Dimethicone copolyol-a silicone containing -OH groups, making it more soluble in water. This makes it easier to incorporate into water-based formulations, and also reduces the "slip effect" (silky feel) of silicones.
Cyclomethicone – Short, cyclic molecules with many of the same properties as simethicone, but they will evaporate, but simethicone will not.
Cyclodimethylsilicone – a mixture of linear high molecular weight silicone (dimethylsilicone) and cyclic low molecular weight silicone (cyclomethicone).
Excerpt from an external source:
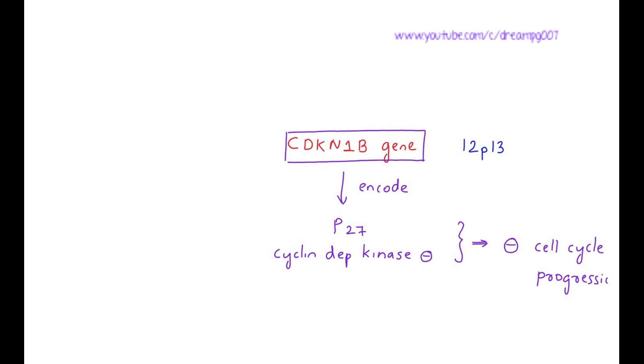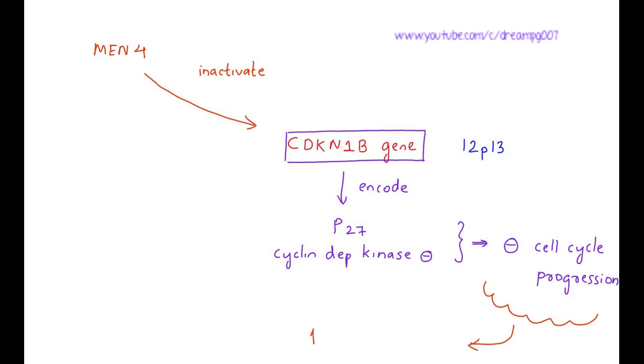What happens in MEN4 is that it inactivates this CDKN1B gene, as a result of which the inhibition over the cell cycle progression is removed. Cell cycle progression increases which leads to tumors.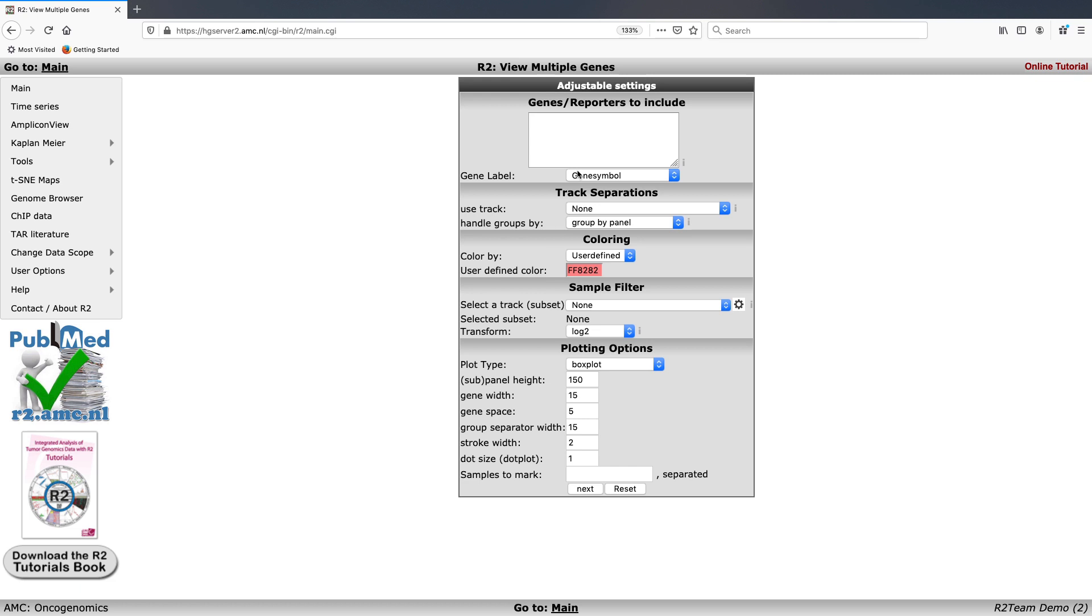Here you can see that you can enter in a list of genes using either the gene symbols or reporters, in this case Affymetrix platform reporters.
Dimethicone and dimethicone copolymer
Dimethicone and dimethicone copolyol are mainly used in cosmetics with poor skin tone (foundation, concealer, etc.) because they do not evaporate and can stay on the skin for a longer period of time. They act as a carrier for insoluble mineral pigments, which provide color and hiding power to skin tone products. Adding silicone to the carrier liquid / emulsion forms a breathable, non-clogging flexible film, allowing the inert mineral pigment to ride on the skin surface without clumping or falling into fine lines.
Cyclomethicone is mainly used in skin care products and acts as a carrier. It can deliver other ingredients immediately or in a certain time release, and these ingredients can be absorbed by the skin. They also added slip agents to make the application smoother and then disappear without residue.
Cyclodimethyl silicone oil is a mixture of stable dimethyl silicone oil and evaporated (volatile) cyclomethicone. This blend provides an emulsion that is perfect for "long-lasting" color cosmetics (foundation, liquid lipstick, etc.).
Non-silicon based feed:
The non-silicone carrier liquid (glycerin, mineral / vegetable oil / nut oil) used in the liquid foundation has a sufficiently small molecular structure to be easily absorbed into the skin. Once absorbed, they will leave the MASK-LIKE layer of insoluble mineral pigments, thus forming the color and coverage of the foundation.
(Did you just have an "Aha" moment?)
The easily absorbed carrier liquid can bring highly micronized insoluble components into the pores and make them enlarged or blocked.
do you know?
Silicone cosmetics are ideal for acne-prone or other sensitive skin types.
AAD (American Academy of Dermatology) cites cosmetic grade silicones as inert, non-reactive as "useful ingredients in cosmetic products, such as liquid foundation, for patients with cystic acne and rosacea. Silicone foundation can help Reduce the redness, tingling or irritation of the skin commonly associated with the use of facial makeup on these types of skin. "
Therefore, skin-color cosmetics with silicone-based carrier emulsions are very suitable for allergic or reactive skin conditions-this means that they can also be used as "covers" for patients during the recovery process after cosmetic surgery.
This is even more groundless fear fear and doubtful phenomenon caused hysterics.
Are some silicones unsafe to inhale? Yes, industrial silicones are not safe to inhale. People working with or around them wear protective equipment to prevent inhalation.
However, in order to create hysterical sentiment, ingredient activist groups and shady natural / organic cosmetics market merchants choose to distort data and selectively invoke industrial silicone-related hazards as if these hazards apply to all silicones-but not .
It turns out that the cosmetic-grade silicone used to make airbrush makeup products can be safely inhaled.